Earlier this year, corporate food giants Kraft and Nestlé Australia opened up their recipe and ingredient data to developers and consumers. While these are just first steps, we hope it’s an increasing trend that will give rise to new applications that improve transparency and the customer experience.
The Kraft Application Programming Interface (API) provides access to recipes using Kraft ingredients that developers can integrate into their own applications.
Recipes are categorized by meal and given classifications like “kid-friendly, budget, health conscious,” and other such labels while the recipe data is “broken down by ingredient, number of servings, preparation time and other specifics,” according to the description up on Programmable Web.

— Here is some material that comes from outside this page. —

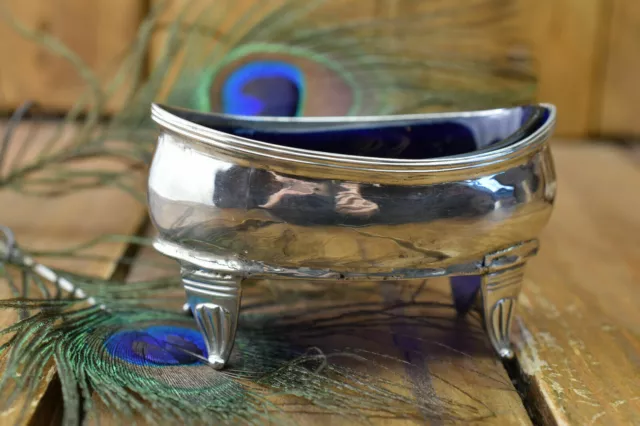 Condiment dish in Sterling Silver, oval/boat shaped and lined with blue glass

Nestlé Australia is making the food labeling data of 1200 of its products available to consumers via the GoScan app. The GoScan app, developed in conjunction with the industry standards group GS1, makes detailed food labeling data available to users that scan food bar codes. It can be used as an alternative to the physical label that customers (sometimes) consider and provide more in-depth product information. Going forward, data like the kind Nestle Australia provides will be held by GS1 and made available to the public only via the app. The app is designed to include other major food brands and be their platform for making it available to the public. Unfortunately, the Nestle Australia data, in this case, does not appear to be open to developers independently of the GS1 system.

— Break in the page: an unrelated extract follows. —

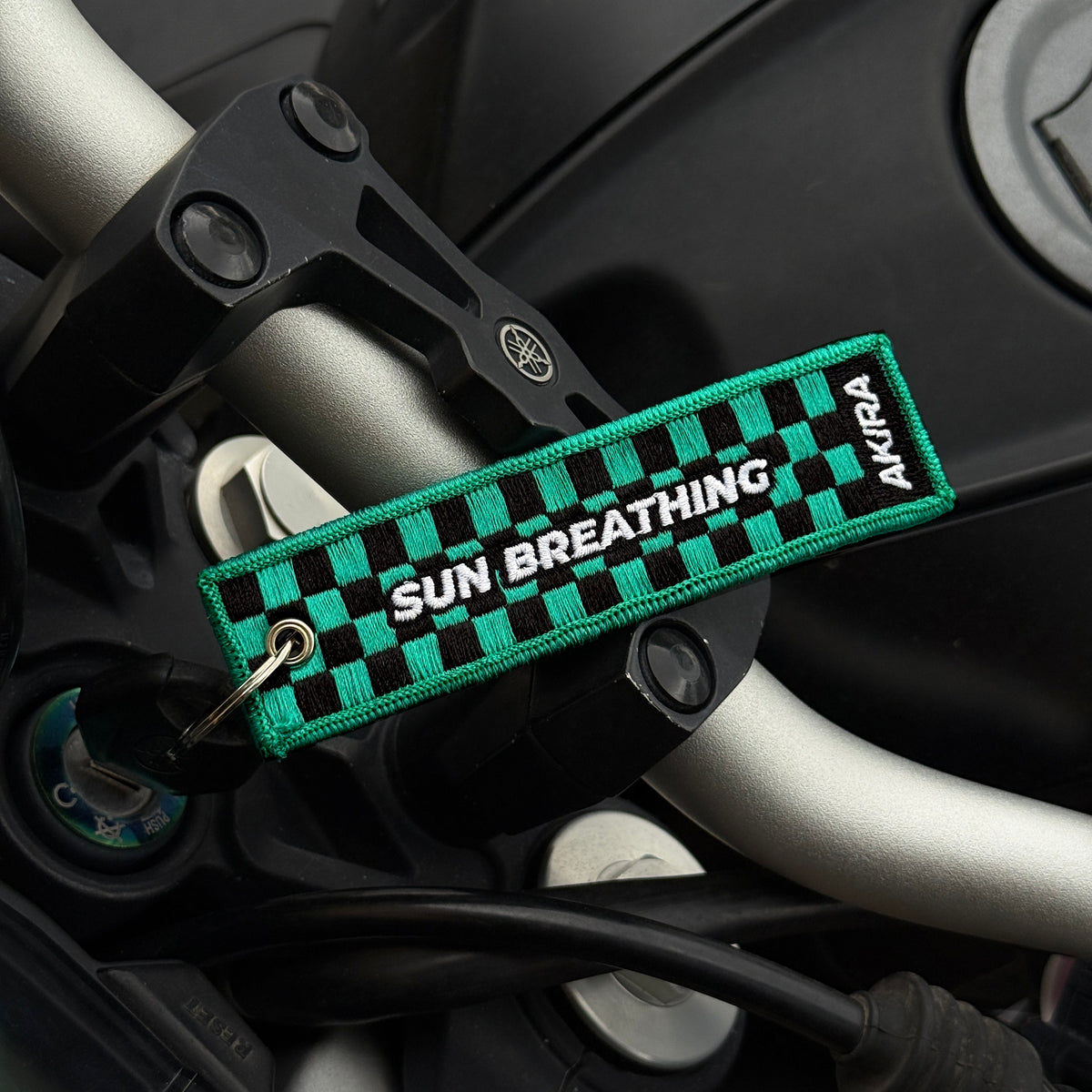 Back view of Tanjiro Kamado embroidered keychain – anime keychain – Akira Gallery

While the upside is the potential for new applications, the downside of using corporate APIs is that users are essentially at the whim of the company that makes them available. They can cherry pick what data is available, for how long it’s available and other problems that might frustrate third parties. For an example that many are probably familiar with, think of Twitter’s API, which, when they made changes to how it could be used by developers, sent many into a fit.
Over time, we hope to see more and more food brands open up their data not just to independent bodies, but to the whole of developers worldwide so they can be used to improve the food system and customer experience. Many other food data APIs are available, but the above are a couple noteworthy attempts on behalf of larger food brands.
APIs are often treasure troves of data that are automatically transmitted between computers and in some senses, tie the web together. We’d like to see them become part of a networked food system that is better for our health, environment and everyone’s bottom line.